How Taking Title Affects Your New Property
The type of ownership registered on a property will determine the legal rights to that property in the even of any disputes or rights of survivorship. At Blackburn Lawyers, we leverage our years of real estate experience to help you better understand the different types of ownership you can have on title.
If there is only one person or corporation purchasing the property; the title or the ownership will be registered just in the name of that person. For persons, we require the individual’s full name and date of birth.
If two or more people are acquiring a property there are two common ways in which the ownership may be registered:
When the property is owned by two or more persons as joint tenants, upon the death of one of the owners, their share of the property will automatically pass to the surviving joint tenant or joint tenants. This will happen even if the will of the deceased person states that the property is to pass to someone else. Each of the joint tenants must have an equal interest in the property.
This method of ownership is the most common one used when the property is owned by spouses.
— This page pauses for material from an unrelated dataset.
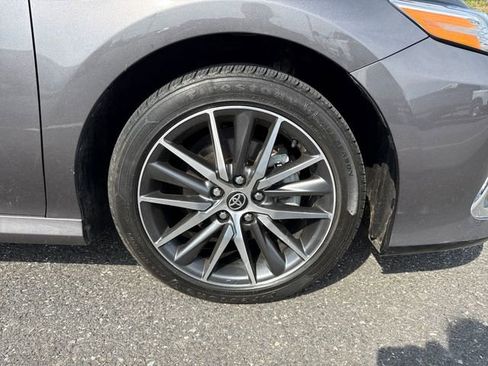 Used 2023 Toyota Camry XLE image 11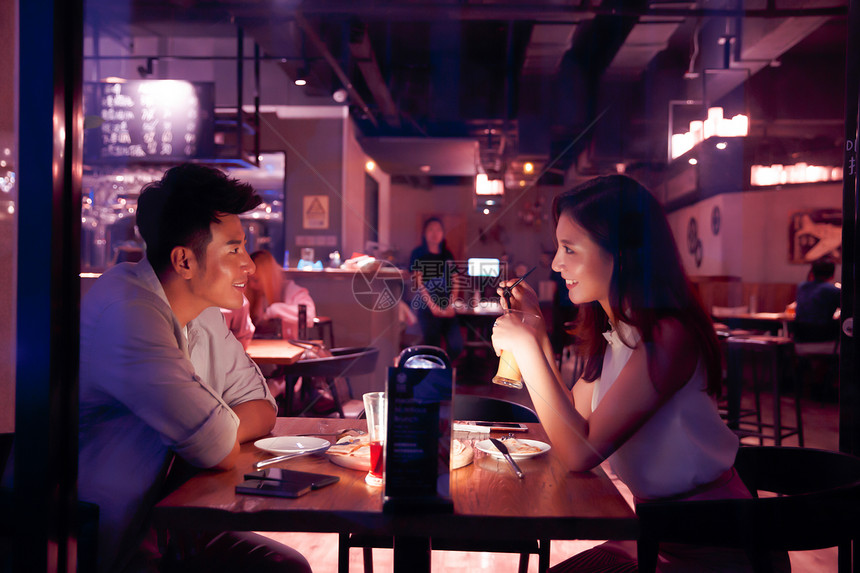 快乐彩色图片男人青年情侣吃晚餐图片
However, it can be used by others as well. The only restriction is if a husband or wife owned a home as joint tenants with someone other than their spouse and the home is occupied by the husband and wife as their matrimonial home than, in the event of the death of the spouse who owns a share of the property, their share will not automatically pass to the surviving joint tenant. This happens to protect the interest of the surviving spouse in the matrimonial home.
Tenants In Common
If title is owned by two or more persons as tenants in common, ownership does not have to be in equal shares. Ownership could be 50-50 but it could be in any other ratio that suits the needs of the parties such as 90-10. When title is taken in this fashion, then in the event of the death of one of the owners the deceased’s share will not automatically pass to the other owner or owners but rather it will be transferred to the beneficiary named in the will of the deceased owner, or if there is no will it shall be distributed in accordance with the laws of the province.
This method of ownership would generally be used where the owners are not spouses and where in the event of their death they wish their interest in the property to be distributed to persons other than the co-owner.
If you have any questions you should discuss the matter with your lawyer to ensure you do not take title to the property in a way that will produce unwanted results.
If you have a special situation such as the property being held in trust for a third party, or by members of a partnership, be certain to discuss it with your lawyer as additional documentation will have to be prepared.